Quelles valeurs as-tu envie de transmettre à travers ta marque ?

J’ai plutôt envie de mettre l’accent sur la transformation du napperon en lingerie confortable et adaptée à toutes les morphologies. Sur le sens, l’histoire et l’avant/après de l’upcycling. L’idée aussi est de pouvoir se sentir bien et belle en lingerie upcyclée tout en faisant un geste pour la planète.

Je ne souhaite pas parler de body positivisme. Non pas que ça ne m’intéresse pas mais parce que ça ne devrait pas être un outil de marketing.

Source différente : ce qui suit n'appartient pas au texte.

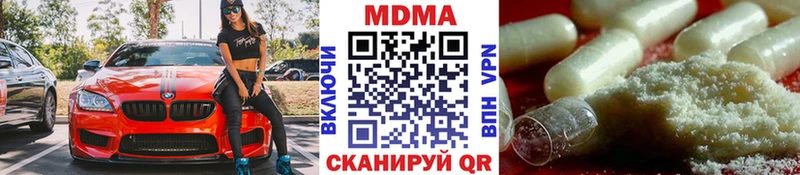Купить  Острогожск  MDMA Molly 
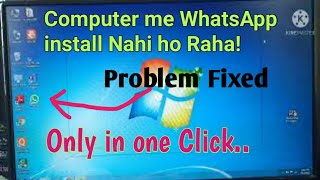 Computer me whatsapp install nahi ho raha Problem fixed only in one click | whatsapp installation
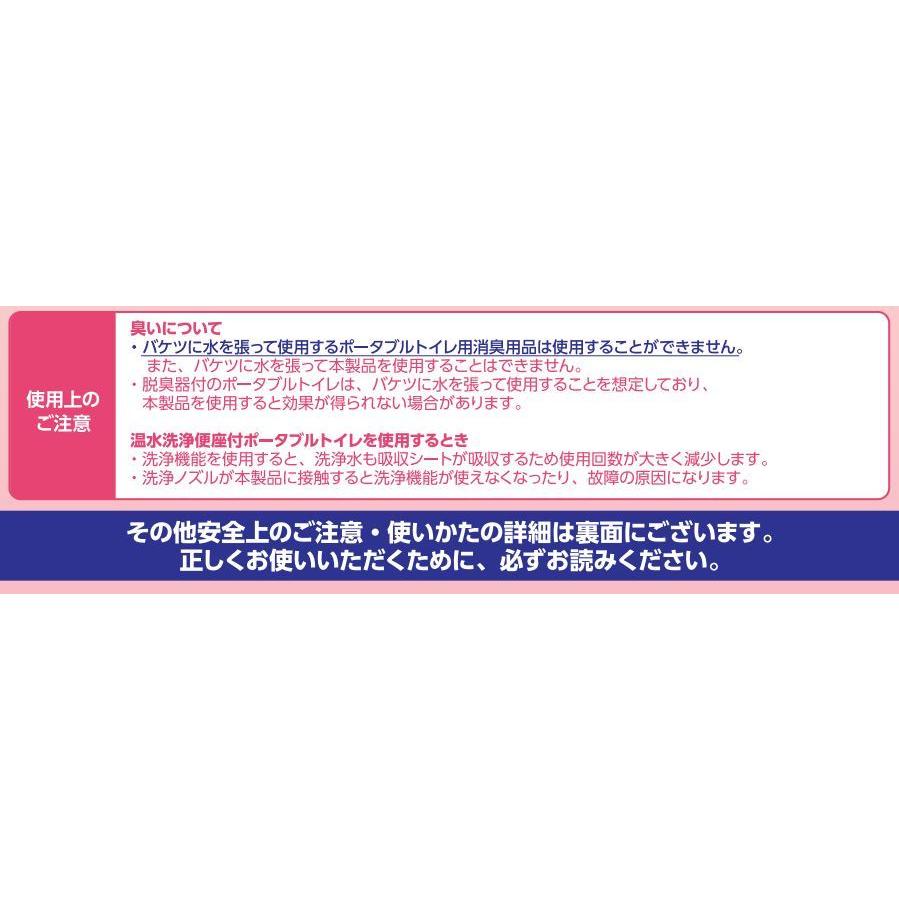 トイレ用処理袋 すっきりポイ 30枚入×3袋入り セット販売 ポータブルトイレ処理袋 ポータブルトイレ 災害用トイレ 30枚×3個 アロン化成 4970210858202/533226｜kaigosouko｜03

À mon sens cela devrait être normal de montrer tout type de corps.

Comment tu te sens aujourd’hui ?

Je crois en ce projet à 300% ! Je suis persuadée que cela va fonctionner et les gens autour de moi y croient aussi. Après, en ce moment je travaille plutôt sur le côté dark de l’entrepreneuriat, les chiffres, et j’avoue que cela me fait un peu peur. Mais en même temps, j’y vais step by step. Jusqu’à présent, je n’ai rencontré aucun obstacle de taille. Je me suis bien entourée et je n’ai pas hésité à demander de l’aide. Donc, j’attends de passer cet étape de stagnation pour entamer la phase concrète du projet : le crowdfunding en septembre !

Quel était le regard des autres par rapport à ton projet ?

Au début, il y avait deux types de réaction. Soit les personnes se sont projetées immédiatement et ont trouvé l’idée géniale. Soit les gens ne voyaient pas où je voulais en venir. Notamment parce que c’est difficile de visualiser de la lingerie upcyclée à partir de napperons sans prototypes. Mes parents ont également eu peur de me voir quitter un cdi pour quelque chose que je ne savais pas faire. Puis au fur et à mesure, ils ont vu ma détermination, les premiers prototypes et ils sont devenus fiers et enthousiastes. Au quotidien, je reçois beaucoup d’amour et d’encouragements.

Est ce que tu as des modèles ? Des sources d’inspiration ? 

Alors je ne suis pas très douée pour ce genre de questions. Je n’ai pas de modèles qui me viennent en tête. Après si, certaines marques peuvent m’inspirer telles qu’Hopaal, une marque de vêtements recyclés ou encore Maison Cléo, qui confectionne des pièces à partir de chutes de tissus.

Et la suite c’est quoi ? Est-ce que tu as des projets pro ? Des projets persos ?

Justement je sors d’une grosse période de changement. Fin juin, j’ai vraiment quitté mon travail et j’ai déménagé sur la côte basque. Donc en ce moment, non seulement je bosse à plein temps sur mon projet mais je découvre une nouvelle région aussi. Et puis je pense que les choses vont s’accélérer par la suite entre la campagne de crowdfunding, le lancement du site et qui sait, les premières commandes.

Si tu jetais une bouteille à la mer, quel message te laisserais-tu pour ton toi futur ou pour les prochaines générations ?

Si quelqu’un trouve la bouteille, bonne nouvelle, il y a encore de la vie sur Terre. Plus sérieusement, je dirais de faire ” attention à soi et à la planète “. La base du projet et de la lingerie upcyclée, c’est de proposer des produits chouettes qui respectent l’environnement.